Başbakan Tayyip Erdoğan’ın “almayın” çağrısı sonrasında başlayan kredi kartı tartışması sürüyor. Kimileri kredi kartının “zararlarından” bahsederken kimileri de kredi kartının ekonomiye katkısına dikkat çekiyor. Aslında söylenenlerin hepsinde gerçeklik payı var. Tüketicilerin büyük bölümü bankaların kredi kartına uyguladığı yüksek faizden ve alınan kart aidatından şikayetçi. Bu şikayetlerde haksız da değiller.
Bazı bankalar kart aidatı ve faiz konusunda gerçekten “acımasız” davranıyor. Fakat bu konularda önlemler de alınıyor. Tüm bankaların bundan sonra müşterilerine “aidat”ın alınmadığı kredi kartı seçeneği sunmalarına yönelik düzenleme üzerinde çalışmalar yapılıyor.
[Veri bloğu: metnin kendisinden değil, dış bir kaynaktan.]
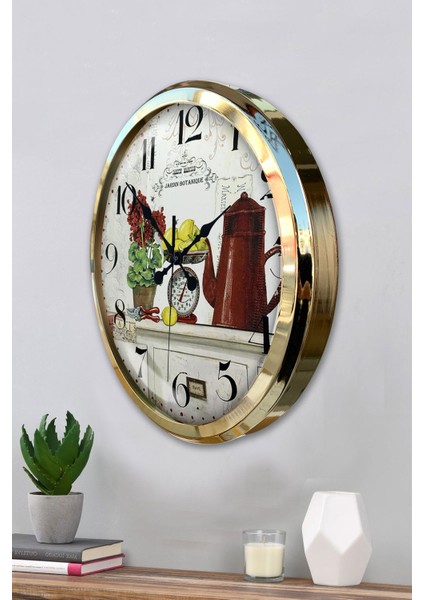 52 cm Gold Metal Mutfak Duvar Saati modelleri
Hatta geçtiğimiz günlerde Gümrük ve Ticaret Bakanı Hayati Yazıcı, hazırlanan kanun tasarısına göre aidatsız kredi kartı sunmayan bankalara verilecek idari pazara cezasının 5 milyon liraya çıkarıldığını söyledi. Merkez Bankası da kredi kartında uygulanacak azami faiz oranlarını düşürme eğiliminde. Gelelim eleştirilerin odağına yerleşen kredi kartının ekonomiye sağladığı katkılara...
Enflasyonu düşürüyor
Prof.Dr. Şükrü Kızılot, Prof.Dr. Cem Kılıç ve Doç. Dr. İbrahim Tokatlıoğlu’nun Bankalararası Kart Merkezi (BKM) için hazırladıkları kapsamlı bir çalışma var.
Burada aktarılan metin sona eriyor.